You don't have to trust me, but it's hard to argue with the Gods at Google. Type "aura of inevitability" into the search engine and 9 of the first 10 entries feature Clinton. The story lines are no longer flattering.

The start of this turning point is easy to target. Her convoluted answer at the Oct 30th Democratic debate on driver's licenses for illegal immigrants was a misstep. And it was enough to awaken a restless political press corps. If she is in fact beaten by a young, idealistic African American from Illinois, it will be this moment historians point to for decades to come.

And then they will turn to the polls --- often, so unreliable in tricky, fickle Iowa --- but the only thing we have to tell the temperature of the water at a given point and time.

A late November poll puts Obama ahead in Iowa. It's within the margin of error, but the smartest of the herd know it's the perception that counts. Obama is up and moving. Clinton is down. (Has she (gulp?) hit her ceiling?) He's more honest and trustworthy. He's more able to cultivate change. So say the likely-caucus goers in the Hawkeye State who have unchecked power in the nominating process of our presidents.

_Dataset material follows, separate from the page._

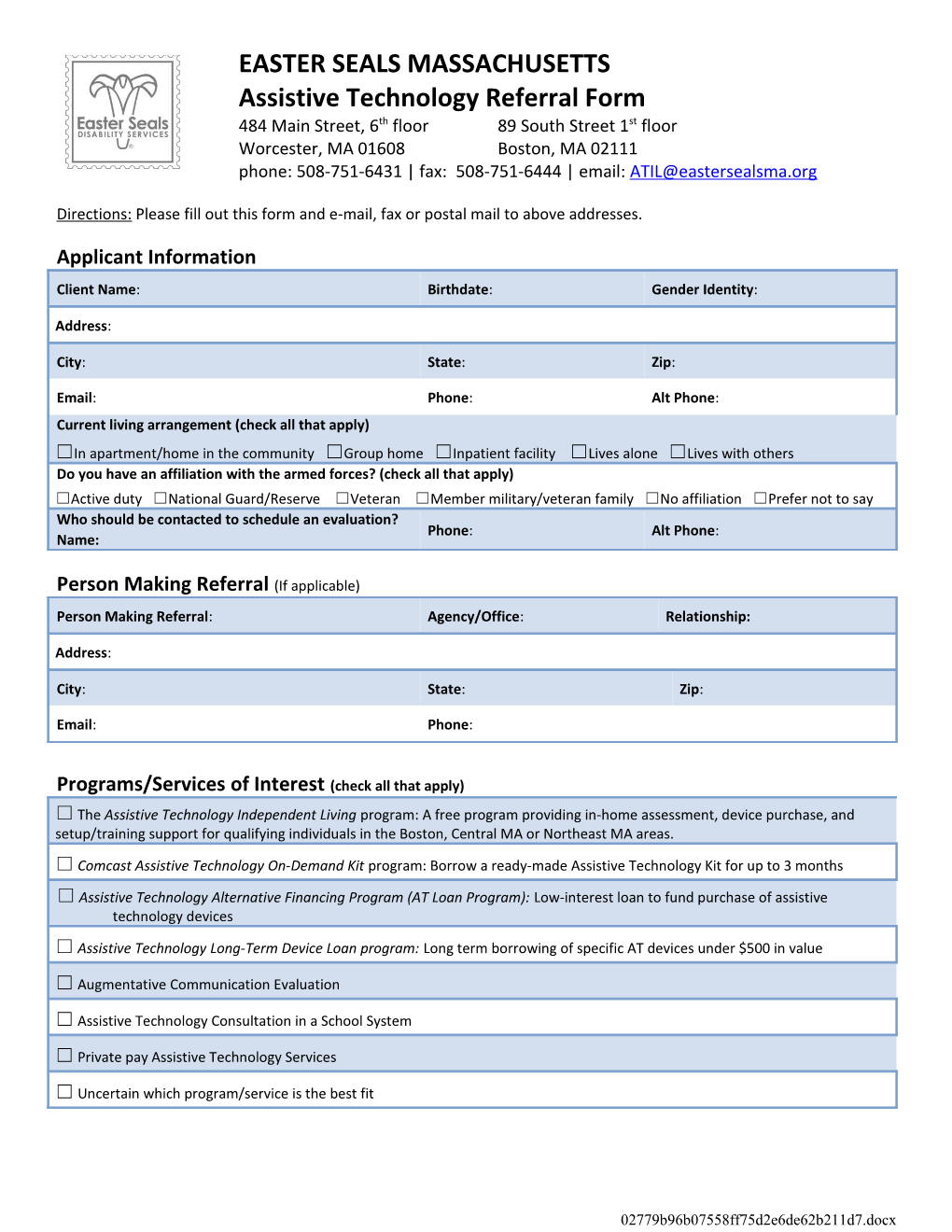 Assistive Technology Referral Form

Suddenly, a usually formidable 14-point lead in New Hampshire is terribly shaky.

Because Iowa will change everything immediately. Voters don't make these decisions by themselves. It's almost as they take other people's judgements into the voting booth with them. If Iowa says Hillary isn't acceptable or electable, a voter in New Hampshire doesn't want to get caught on the wrong side of the argument -- on the wrong side of change . . . or progress . . . Any real liberal couldn't sleep with himself at night.

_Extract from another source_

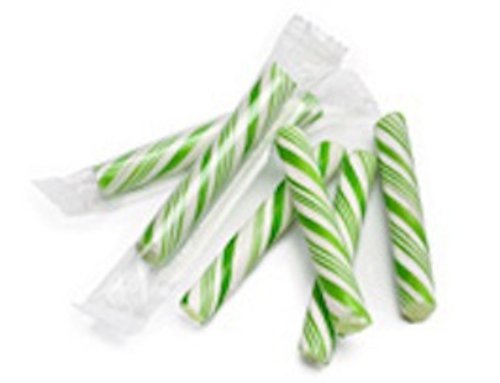 Lime Sticklettes Green & White Petite Candy Sticks 25 Piece Box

So the storyline has changed. Because it had to. It's easy to blame the journalists for making it so. And the evidence is everywhere to back it up.

Hillary is beginning to pile on. Every pundit reads that as running scared.

Meanwhile, her chief rival is smiling, at ease. Throwing jabs back, but playfully. That means he's confident.

Rick Klein at ABC writes, "About that inevitability thing . . . just kidding."

But to be fair, making this a contest is helpful to the process and ultimately, the voters. The more these candidates are forced to engage, the better battled-tested they will become, and the better we are served.

The "regular people" out there complain this process is too long, too superficial, too overly hyped. But the truth is -- in its tawdry, complicated, imperfect way -- it works.

If Clinton is to be the nominee, or our next president, she's needs a watershed moment. A gut check. She needs to be tested, knocked down, challenged. Vulnerable.

It's a tad ironic that speaking on a slightly different topic today, Rudy Giuliani may have said it best.

"I think one of the things we need from people running for office is -- not this pretense of perfection. And the reality is all of us who run for office . . . we're all human beings. If we haven't made mistakes, don't vote for us. Because we've got some big ones that are going to happen in the future, and we won't know how to handle them."